What is Covered in this Article
- Applied Materials and Broadcom EPIC partnership announcement
- Co-innovation models replacing sequential supply chain handoffs
- Advanced packaging as a bottleneck for AI compute scaling
- Broadcom’s 3D stacking roadmap and equipment access implications
- Applied’s EPIC Center as a commercialization accelerator
The News: Applied Materials announced on May 20, 2026, that Broadcom will join its EPIC (Equipment and Process Innovation and Commercialization) platform as an innovation partner. The collaboration is focused on accelerating the development of advanced chip packaging technologies for next-generation AI systems, leveraging Applied’s global network of innovation centers, including the new EPIC Center in Silicon Valley, which is on track to become operational in 2026.
“The EPIC platform is designed to drive co-innovation across the ecosystem to change the way semiconductor technologies are developed and commercialized,” said Gary Dickerson, President and CEO of Applied Materials. Charlie Kawwas, President of Broadcom’s Semiconductor Solutions Group, stated that “close collaboration with partners throughout the supply chain is critical to delivering the next generation of high-performance AI systems.” The EPIC Center represents Applied’s largest-ever U.S. investment in advanced semiconductor equipment R&D and is designed to reduce the time from early-stage research to full-scale manufacturing.
Applied Materials’ EPIC Advanced Packaging Ecosystem Adds Broadcom to TSMC
Analyst Take: Applied Materials’ decision to bring Broadcom onto the EPIC platform signals that the advanced packaging supply chain is entering a new phase of structural co-development rather than sequential handoffs between equipment makers, foundries, and system designers. Broadcom’s publicly stated roadmap around face-to-face 3D logic stacking and multi-die XPU architectures demands innovations in interconnect density, power delivery, and thermal management that sit squarely within Applied’s materials engineering domain. The EPIC partnership model positions Applied to capture value earlier in the design cycle, moving upstream from selling equipment into co-developing the process recipes that define next-generation packaging architectures. This matters because advanced packaging is emerging as the primary constraint on AI compute scaling, with Applied itself projecting more than 50% growth in packaging revenues for CY2026. The central question is whether this co-innovation model can deliver meaningful time-to-market advantages over the incumbent foundry-led development approach.

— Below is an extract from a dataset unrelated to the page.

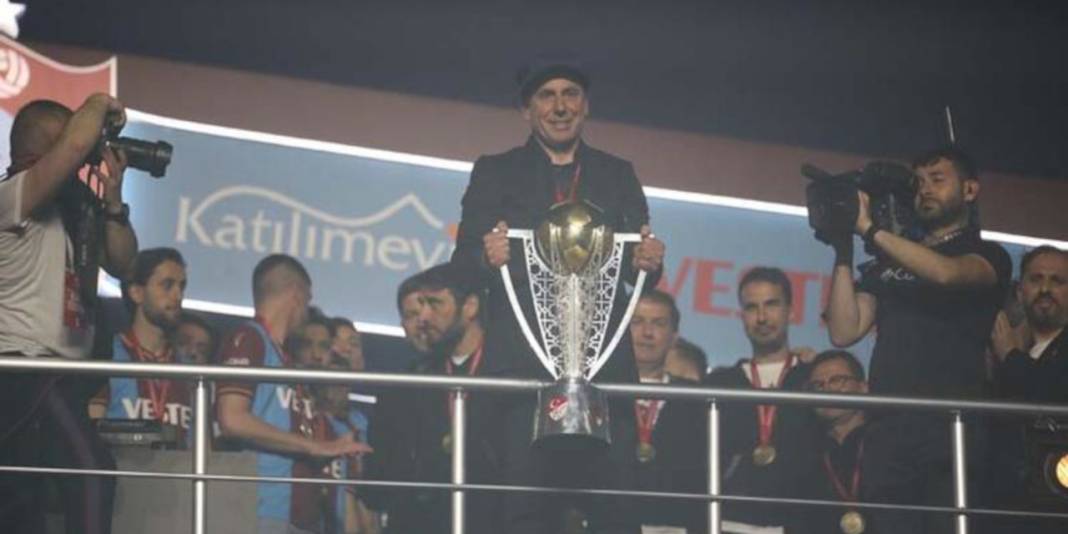 Şampiyon Trabzonspor kupasına kavuştu 3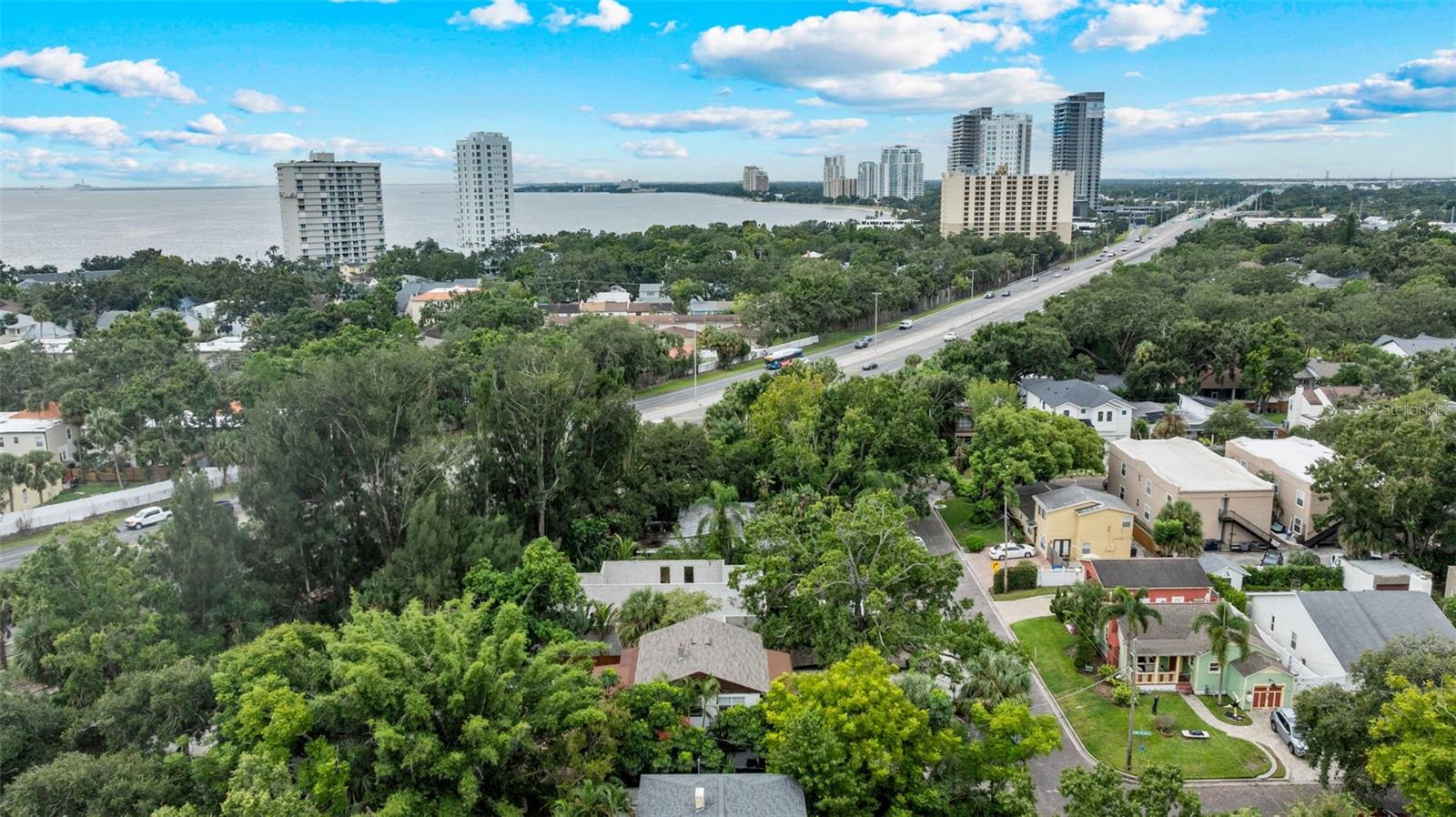 Image 11 of 27 For 2002 Habana Avenue D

Equipment Makers as Architecture Co-Developers
The traditional semiconductor supply chain operates in a linear fashion, with equipment vendors developing tools, foundries qualifying processes, and chip designers adopting those processes once available. Applied’s EPIC model disrupts this sequence by inserting the equipment maker directly into the design loop alongside the system architect. This structural shift gives Applied visibility into Broadcom’s integration requirements well before process specifications are finalized, potentially allowing tool development to proceed in parallel with chip design rather than lagging behind it. For Broadcom, early access to Applied’s materials innovations could compress the qualification timeline for packaging technologies that currently take multiple years to move from concept to production. The arrangement also creates a competitive moat for Applied, as co-developed processes are inherently difficult for rival equipment vendors to replicate without equivalent design-level engagement. The implication is that equipment companies willing to invest in collaborative R&D infrastructure may increasingly differentiate on ecosystem access rather than tool performance alone.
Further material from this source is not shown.